ABOUT THIS EXERCISE → No line before the one holding "Ein guter Preis." is wanted; restate word for word that line and all lines after it to the end of the entries, excluding pictures.
+++ RECORDS SHOWN
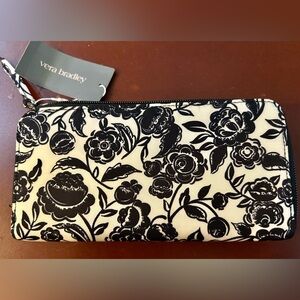 Vera Bradley Black and White Floral Wallet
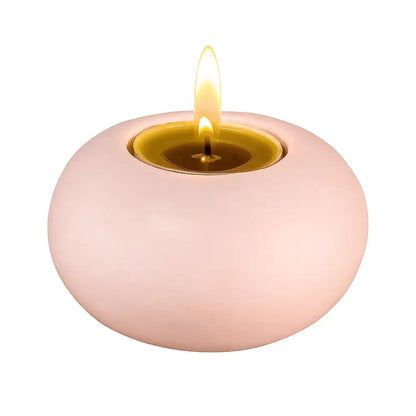 Flacher Teelichthalter – handgemachte Deko für DIY, Rituale & moderne Wohnideen - by SteinKunstWerk | HE aus nachhaltiger Herstellung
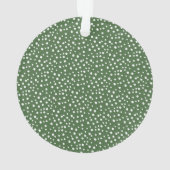 新婚初めてのクリスマスシンプル写真 オーナメント (裏面)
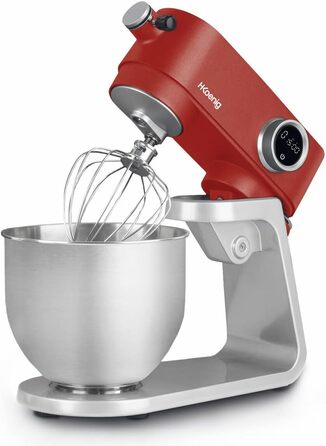 Кухонний комбайн H.Koenig KM124: професійний, 5 л, з нержавіючої сталі, 800 Вт, 8 швидкостей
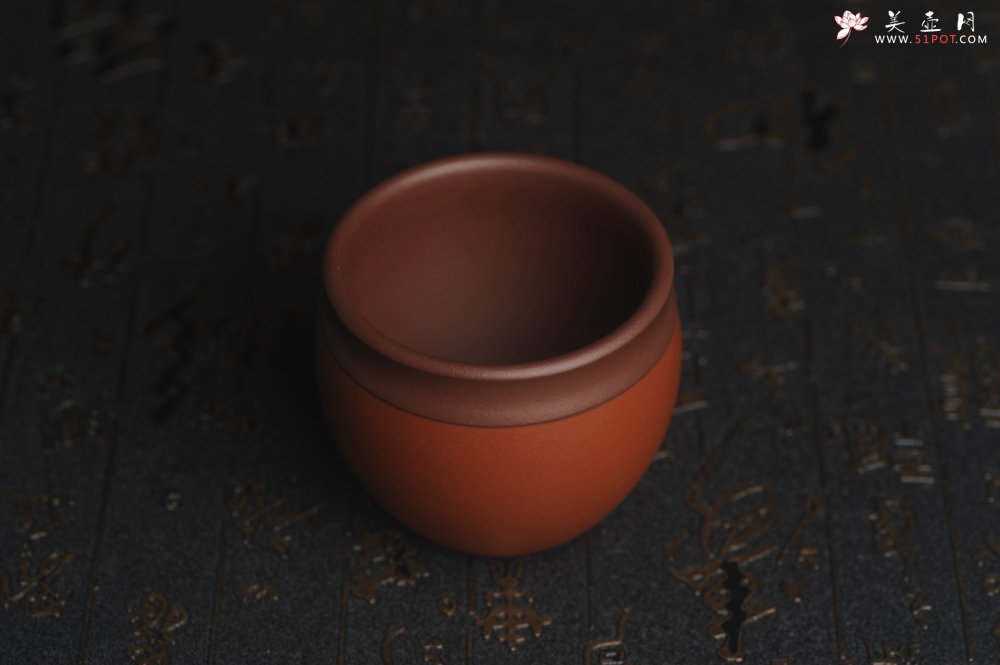 紫砂壶图片：美杯特惠 好泥好工雅致特厚实缸杯主人杯三式 - 宜兴紫砂壶网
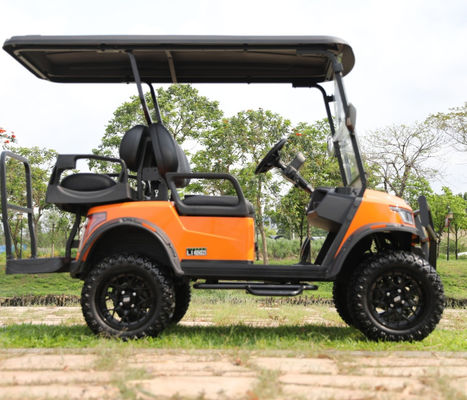 Ein guter Preis. 4 Seater Electric Golf Cart with Foldable Windshield Double Gear Rack Steering and Smart On-board Charger Online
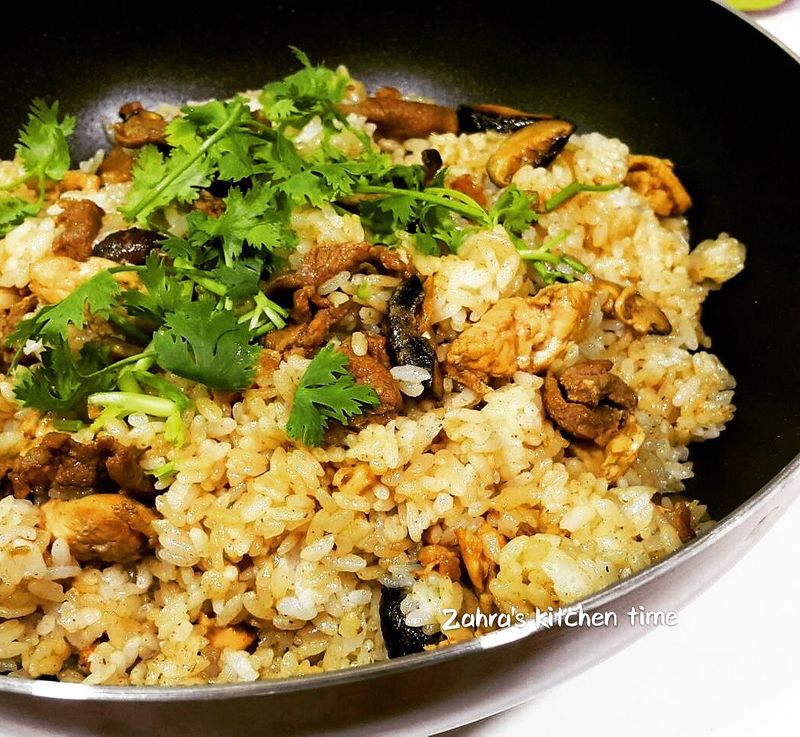 羊肉油飯
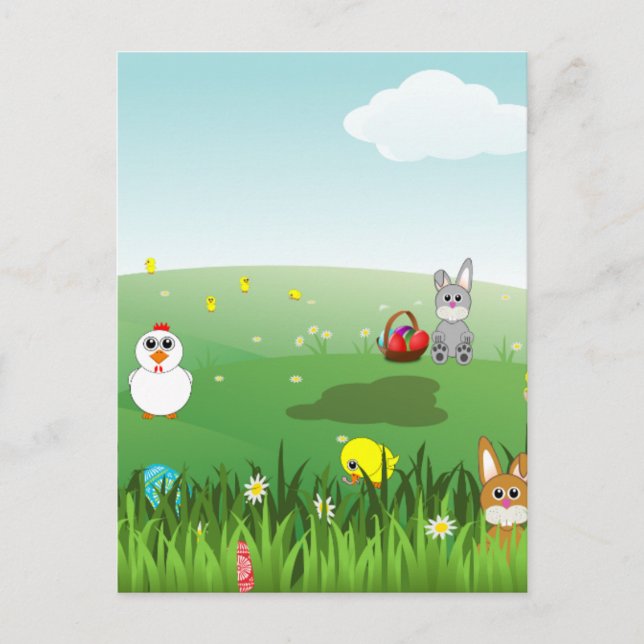 Happy Easter Postcard (Front)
++++++
RESULT FOR THIS TASK →
 Ein guter Preis. 4 Seater Electric Golf Cart with Foldable Windshield Double Gear Rack Steering and Smart On-board Charger Online
 羊肉油飯
 Happy Easter Postcard (Front)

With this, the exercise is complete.